Defendant's assertion that his suppression motion should have been granted on the ground that the witnesses at the suppression hearing lacked credibility is without merit as the court's credibility determinations are entitled to deference in light of its opportunity to observe the witnesses (see People v Prochilo, 41 NY2d 759, 761 [1977]). In any event, we see no basis to reject the police testimony as incredible.

The court also properly denied defendant's motion to suppress the identification procedures used by the police, specifically, the photo array and the lineup. The People met their initial burden of establishing the reasonableness of the police conduct and the absence of any undue suggestiveness (see People v Chipp, 75 NY2d 327, 335 [1990], cert denied 498 U.S. 833 [1990]) by, among other things, introducing color copies of the photo array and a lineup photo showing that the fillers used by the police reasonably resembled the defendant.

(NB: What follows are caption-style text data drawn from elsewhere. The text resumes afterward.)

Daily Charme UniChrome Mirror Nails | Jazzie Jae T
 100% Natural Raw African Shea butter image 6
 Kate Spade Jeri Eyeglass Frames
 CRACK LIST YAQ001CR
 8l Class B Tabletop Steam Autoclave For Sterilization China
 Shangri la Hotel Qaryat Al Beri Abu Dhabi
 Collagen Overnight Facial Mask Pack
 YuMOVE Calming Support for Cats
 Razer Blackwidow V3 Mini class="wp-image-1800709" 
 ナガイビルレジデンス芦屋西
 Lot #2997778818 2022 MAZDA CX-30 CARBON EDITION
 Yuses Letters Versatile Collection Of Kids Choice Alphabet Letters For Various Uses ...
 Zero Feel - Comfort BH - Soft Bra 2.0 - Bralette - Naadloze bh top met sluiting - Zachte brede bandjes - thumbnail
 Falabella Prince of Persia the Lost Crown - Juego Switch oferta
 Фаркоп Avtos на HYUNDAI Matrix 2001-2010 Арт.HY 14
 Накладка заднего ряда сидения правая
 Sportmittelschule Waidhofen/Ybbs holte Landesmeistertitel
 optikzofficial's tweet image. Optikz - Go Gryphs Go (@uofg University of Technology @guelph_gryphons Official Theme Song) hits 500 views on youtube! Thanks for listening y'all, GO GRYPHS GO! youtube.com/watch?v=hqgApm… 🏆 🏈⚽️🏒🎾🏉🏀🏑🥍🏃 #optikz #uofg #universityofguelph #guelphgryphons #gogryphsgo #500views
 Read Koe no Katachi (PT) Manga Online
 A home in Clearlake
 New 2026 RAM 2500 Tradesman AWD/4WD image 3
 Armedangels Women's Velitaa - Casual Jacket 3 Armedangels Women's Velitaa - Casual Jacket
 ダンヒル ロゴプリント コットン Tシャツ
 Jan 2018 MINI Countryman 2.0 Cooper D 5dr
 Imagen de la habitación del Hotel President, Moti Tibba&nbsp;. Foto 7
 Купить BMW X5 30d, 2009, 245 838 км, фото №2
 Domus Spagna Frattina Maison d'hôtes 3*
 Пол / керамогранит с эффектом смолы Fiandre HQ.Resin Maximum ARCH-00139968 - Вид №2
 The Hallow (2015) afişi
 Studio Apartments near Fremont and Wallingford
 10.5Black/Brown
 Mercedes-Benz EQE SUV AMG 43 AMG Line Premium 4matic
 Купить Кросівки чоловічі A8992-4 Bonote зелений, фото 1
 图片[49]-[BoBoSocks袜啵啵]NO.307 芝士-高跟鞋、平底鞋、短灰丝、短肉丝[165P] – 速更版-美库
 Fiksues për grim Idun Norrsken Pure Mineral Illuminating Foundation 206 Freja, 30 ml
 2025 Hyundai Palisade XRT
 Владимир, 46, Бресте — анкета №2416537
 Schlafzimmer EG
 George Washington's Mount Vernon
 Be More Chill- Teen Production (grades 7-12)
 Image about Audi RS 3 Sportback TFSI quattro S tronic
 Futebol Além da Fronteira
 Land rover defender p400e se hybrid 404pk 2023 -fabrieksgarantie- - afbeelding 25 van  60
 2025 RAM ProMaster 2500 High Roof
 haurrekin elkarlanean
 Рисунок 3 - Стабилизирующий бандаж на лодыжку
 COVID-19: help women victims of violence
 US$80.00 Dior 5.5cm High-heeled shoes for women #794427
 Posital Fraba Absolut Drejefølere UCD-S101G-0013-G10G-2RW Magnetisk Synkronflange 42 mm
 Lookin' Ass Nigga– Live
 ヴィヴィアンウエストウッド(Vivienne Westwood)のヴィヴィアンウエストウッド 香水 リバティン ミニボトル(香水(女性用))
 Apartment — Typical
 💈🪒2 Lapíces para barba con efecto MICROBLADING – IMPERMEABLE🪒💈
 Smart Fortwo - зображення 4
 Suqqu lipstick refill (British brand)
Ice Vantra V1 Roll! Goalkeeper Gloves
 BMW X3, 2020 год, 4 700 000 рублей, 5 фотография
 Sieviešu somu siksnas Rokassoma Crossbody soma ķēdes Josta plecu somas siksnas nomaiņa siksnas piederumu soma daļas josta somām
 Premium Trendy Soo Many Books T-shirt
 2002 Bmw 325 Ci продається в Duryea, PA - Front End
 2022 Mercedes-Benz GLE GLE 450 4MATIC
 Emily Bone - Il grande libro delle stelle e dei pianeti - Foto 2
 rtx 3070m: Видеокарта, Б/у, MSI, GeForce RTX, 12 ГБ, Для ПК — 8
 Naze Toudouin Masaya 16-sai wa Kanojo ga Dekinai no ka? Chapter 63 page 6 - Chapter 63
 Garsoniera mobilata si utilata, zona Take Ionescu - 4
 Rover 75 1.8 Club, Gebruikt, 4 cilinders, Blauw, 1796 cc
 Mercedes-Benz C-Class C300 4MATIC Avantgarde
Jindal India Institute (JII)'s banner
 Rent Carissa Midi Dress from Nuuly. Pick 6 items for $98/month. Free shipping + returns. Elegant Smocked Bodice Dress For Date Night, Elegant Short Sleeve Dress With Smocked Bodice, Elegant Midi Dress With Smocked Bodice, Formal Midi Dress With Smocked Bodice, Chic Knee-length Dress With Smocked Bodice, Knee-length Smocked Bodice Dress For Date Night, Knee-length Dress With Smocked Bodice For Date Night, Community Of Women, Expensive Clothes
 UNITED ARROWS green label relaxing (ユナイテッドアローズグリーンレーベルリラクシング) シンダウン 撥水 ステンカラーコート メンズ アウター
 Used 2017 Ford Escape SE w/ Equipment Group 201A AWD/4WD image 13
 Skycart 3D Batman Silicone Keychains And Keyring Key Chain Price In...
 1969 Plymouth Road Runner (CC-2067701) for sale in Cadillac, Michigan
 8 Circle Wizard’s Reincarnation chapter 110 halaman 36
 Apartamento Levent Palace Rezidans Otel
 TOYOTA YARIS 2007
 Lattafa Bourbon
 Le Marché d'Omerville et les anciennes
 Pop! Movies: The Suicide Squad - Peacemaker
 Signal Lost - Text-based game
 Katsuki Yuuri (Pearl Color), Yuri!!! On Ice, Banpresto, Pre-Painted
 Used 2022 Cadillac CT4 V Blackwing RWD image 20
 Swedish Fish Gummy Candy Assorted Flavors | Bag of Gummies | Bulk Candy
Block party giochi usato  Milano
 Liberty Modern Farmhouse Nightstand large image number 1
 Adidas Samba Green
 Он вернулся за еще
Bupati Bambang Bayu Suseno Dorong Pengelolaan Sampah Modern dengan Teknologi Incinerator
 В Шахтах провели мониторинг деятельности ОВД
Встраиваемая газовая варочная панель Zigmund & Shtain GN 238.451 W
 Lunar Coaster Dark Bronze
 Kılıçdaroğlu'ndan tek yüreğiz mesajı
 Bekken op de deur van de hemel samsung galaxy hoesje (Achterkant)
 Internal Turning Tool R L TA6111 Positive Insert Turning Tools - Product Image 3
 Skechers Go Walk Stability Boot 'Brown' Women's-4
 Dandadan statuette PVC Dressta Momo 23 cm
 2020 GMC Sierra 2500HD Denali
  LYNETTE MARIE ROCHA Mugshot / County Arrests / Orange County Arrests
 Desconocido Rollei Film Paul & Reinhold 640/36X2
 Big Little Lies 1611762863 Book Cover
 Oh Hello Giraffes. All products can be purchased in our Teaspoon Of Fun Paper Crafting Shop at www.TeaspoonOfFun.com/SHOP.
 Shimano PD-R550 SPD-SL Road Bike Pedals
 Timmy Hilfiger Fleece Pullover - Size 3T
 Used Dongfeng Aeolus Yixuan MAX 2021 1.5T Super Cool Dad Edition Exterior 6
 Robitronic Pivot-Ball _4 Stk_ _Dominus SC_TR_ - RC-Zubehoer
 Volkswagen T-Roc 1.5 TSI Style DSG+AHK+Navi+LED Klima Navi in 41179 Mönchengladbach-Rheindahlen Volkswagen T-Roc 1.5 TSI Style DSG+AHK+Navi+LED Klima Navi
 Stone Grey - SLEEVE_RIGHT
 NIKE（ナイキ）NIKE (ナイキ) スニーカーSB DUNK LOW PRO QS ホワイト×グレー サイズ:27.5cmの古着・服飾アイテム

Defendant failed to meet his burden to show that the procedures were unduly suggestive or that they unfairly singled him out (see id.; People v Mooney, 74 AD3d 617, 618 [1st Dept 2010], lv denied 15 NY3d 854 [2010]).

Defendant's argument that the verdict was not supported by legally sufficient evidence is unpreserved because defense counsel moved to dismiss the attempted murder count for reasons not raised on appeal and he did not seek dismissal of any other counts (see People v Hawkins, 11 NY3d 484, 492 [2008]). In any event, we find that the verdict was supported by legally sufficient evidence and comported with the weight of the evidence (see People v Denson, 26 NY3d 179, 188 [2015]; People v Danielson, 9 NY3d 342, 348 [2007]).

We find that the evidentiary trial rulings being challenged by defendant were all provident exercises of the court's discretion. In any event, any error involving any of these rulings was harmless in light of the overwhelming evidence of guilt (see People v Crimmins, 36 NY2d 230 [1975]).

The court properly found that the defendant was not deprived of his right to a fair trial due to the prosecutor's summation. While some of the prosecutor's comments might have been inappropriate, his summation as a whole "did not exceed the broad bounds of rhetorical comment permissible in closing argument" (People v Galloway, 54 NY2d 396, 399 [1981]).

Further, the court did not err in finding that juror number nine was not grossly unqualified, after a proper and thorough inquiry. After the court was informed that the juror wanted to speak with the court and that he had made certain Facebook postings about the trial proceedings and his feelings regarding same, the court properly questioned the juror, in the presence of the attorneys, regarding his Facebook postings and whether he could still be fair and impartial (see CPL 270.35(1); People v Buford, 69 NY2d 290, 299 [1987]). After the inquiry, the court found no reason to disqualify the juror and defendant has not provided any basis for disturbing the court's findings. Finally, we perceive no basis for reducing defendant's sentence.

THIS CONSTITUTES THE DECISION AND ORDER

OF THE SUPREME COURT, APPELLATE DIVISION, FIRST DEPARTMENT.